Our cat has been dethroned. When we were a child-free couple our cat (Shadow) WAS our baby, he was our idol, our prince. He ruled the house. Our friends with kids told us to wait, once the first child came the cat would no longer be the centre of attention. Shadow not being the centre of attention? NEVER. We swore up and down (like every person before kids) that we would be different, Shadow would not feel the effects of having a bipedal sibling. Yeah...right. It took a few months to realise it, but oh how the golden feline had fallen. Just the other day I gave him a boot because he was right underfoot begging for a shred of attention and in his attempts he had almost tripped me and broke my neck. The other morning he tried to snuggle on my pillow but I pushed him off desperate for some more sleep. When did he become so needy? So annoying? or more importantly, when did 5mins of alone time become so important to me? when did 5 more mins of sleep become the gauge between getting my housework,dinner,errands done or balled up in the fetal position by noon? Dave (my husband) and I sat down and discussed "the cat crisis of 2011". Apparently the cat has been very upset at Dave all week and he has noticed it as soon as he walked through the door after work.

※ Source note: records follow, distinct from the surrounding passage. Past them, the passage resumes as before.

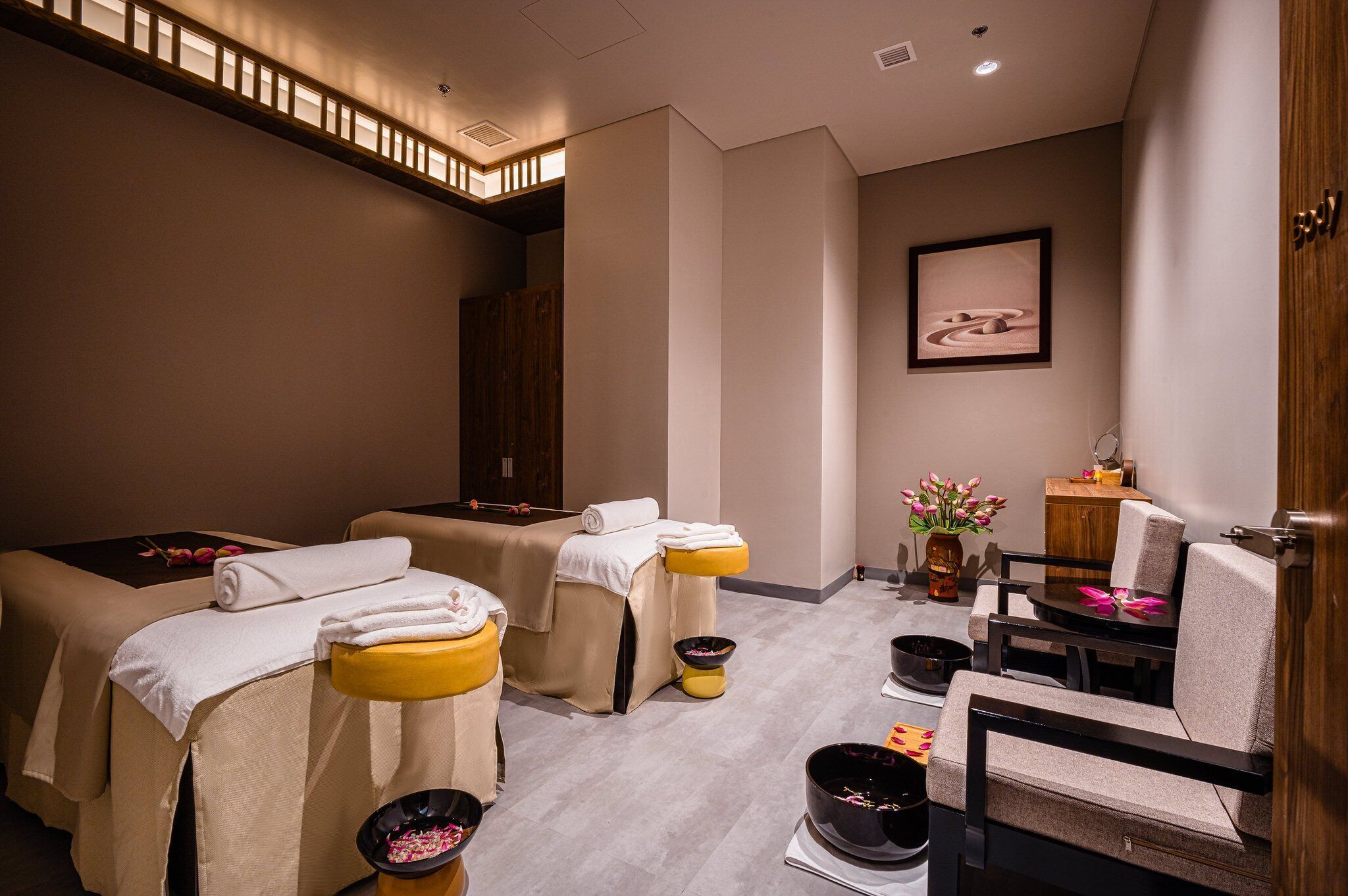 A spa room with two massage tables, a wooden cabinet, and a small seating area.
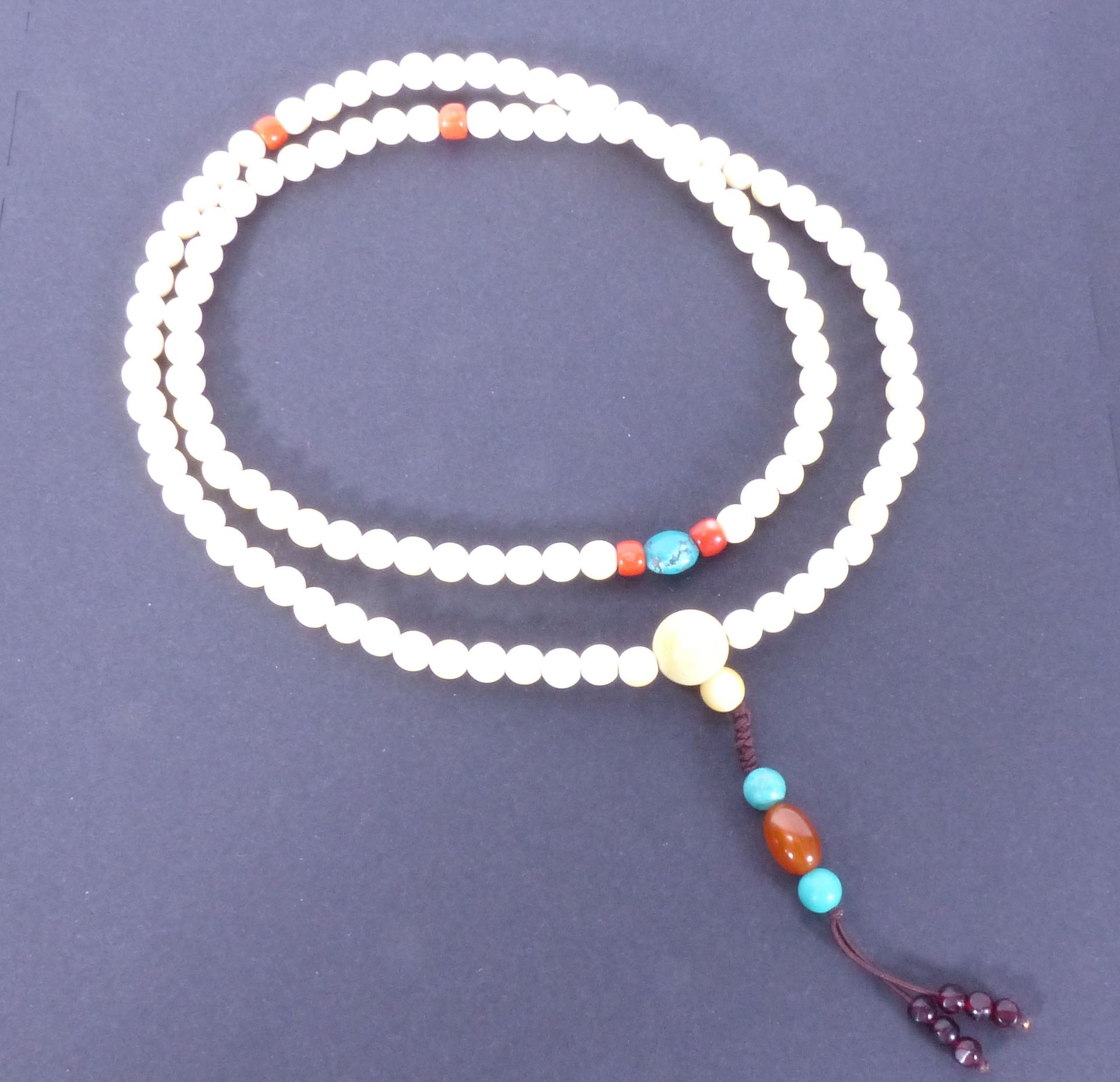 Null Tibetan Mala necklace in ivory, coral, turquoise and amber. L.:+/-93cm.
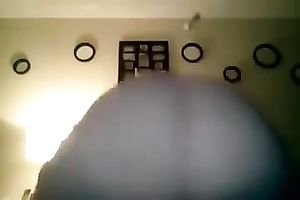 Amateur ebon sweetheart shakes her large booty in front of a webcam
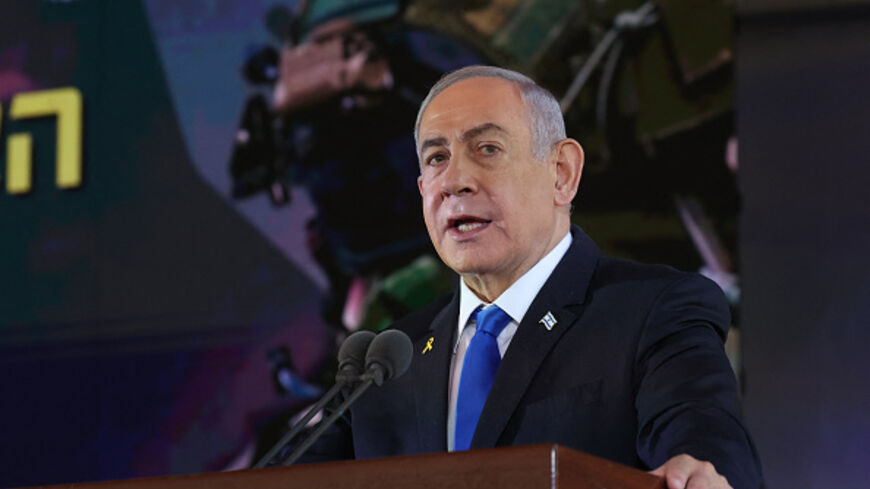 Israel's Prime Minister Benjamin Netanyahu delivers a speech during a ceremony marking the Hebrew calendar anniversary of the Hamas attack on October 7 last year that sparked the ongoing war in Gaza, at the Mount Herzl military cemetery in Jerusalem on October 27, 2024. (Photo by GIL COHEN-MAGEN / POOL / AFP) (Photo by GIL COHEN-MAGEN/POOL/AFP via Getty Images)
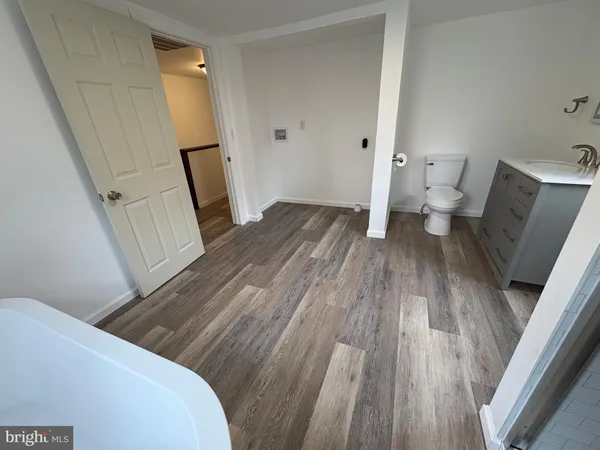 a view of a room with wooden floor and a bathroom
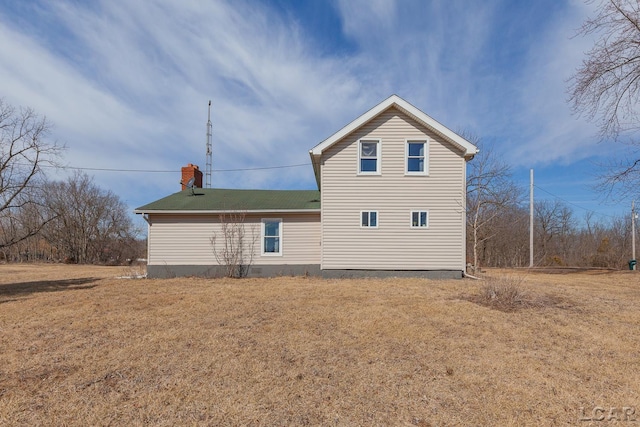 rear view of house with a yard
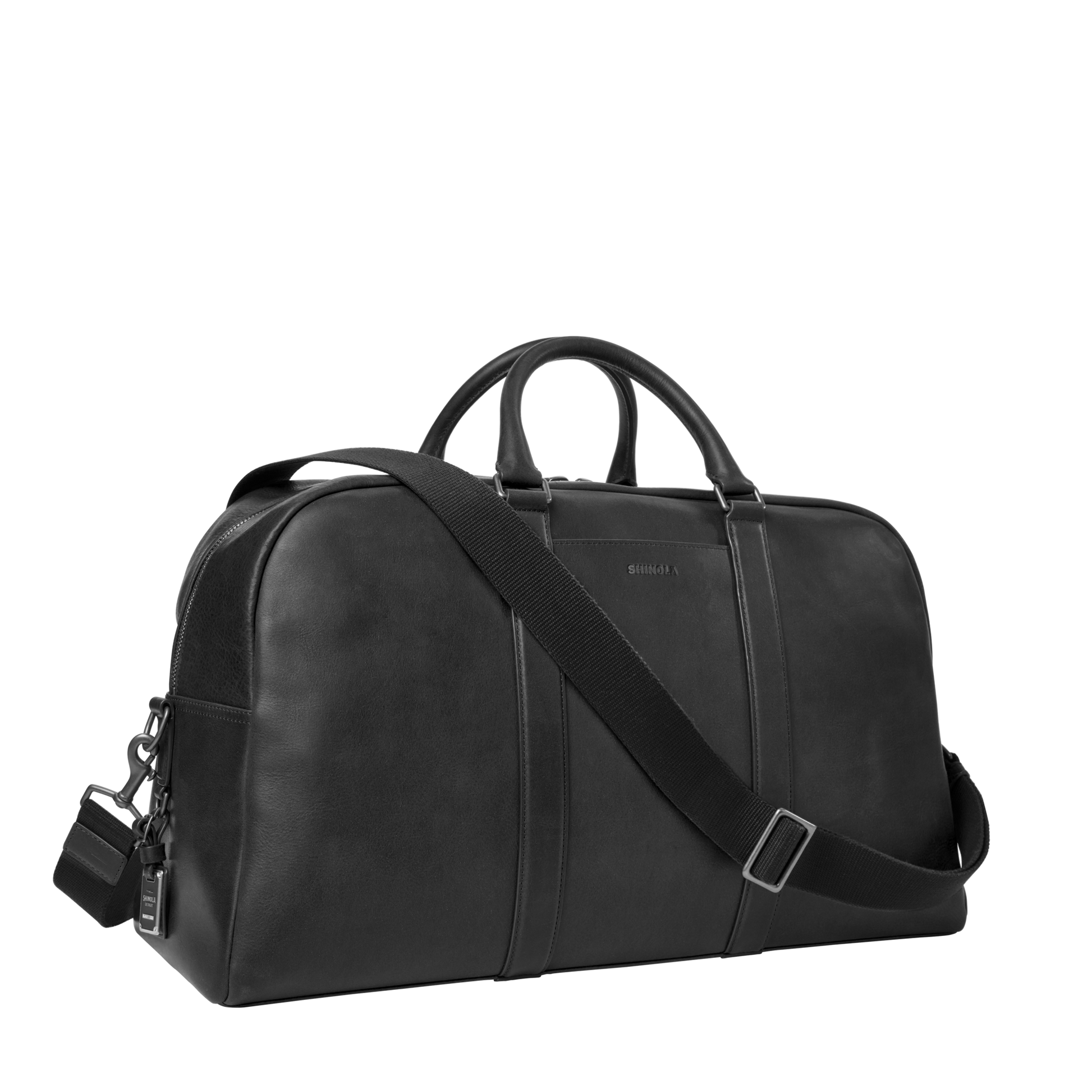 The Shinola Runwell Duffle Bag - Black is crafted from premium Navigator leather with short handles and a detachable, adjustable shoulder strap, shown against a plain white background.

It then dawned on me-yes the cat had moved down a position on the totem pole, but more importantly so had I and right now I was sitting below the cat...there were no "Kali Crisis" meetings, no "why is Kali still in her PJs at 4PM"? With the arrival of baby number 3 approaching fast, the cat and I will have to jockey ourselves in the family food chain. This could mean a power struggle of epic proportions. This....means big trouble for me, because? I'm just not as likeable as the damn cat. I am the underdog. Need proof? Look at LOL cats (wait, not now, let me finish..fine open another tab I'll wait). That site probably has billions of viewers each day. My blog? One, maybe two readers on a good day. While Shadow is all "Can I haz a cheeseburger" and "sleepy kitty needs sleep" I'm all like "Dave clean up your damn mess" and "Lily no you cannot play with the electrical plug or have a shooter of cleaning liquid". I'm clearly not as cute and maybe a bit more annoying. Plus, come to think of it, maybe Shadow wasn't trying to be under my foot for attention, maybe he really was trying to trip me...to, you know, bump off the competition. I bet if I look at my pillow tomorrow there will be a kitty litter colada with my name on it and maybe the taunt "GAME ON".
So please, any ideas on how to one up the cat, and hurry before Dave decides to cancel my Internet and cell phone to pay for Kitty Empathy Training!!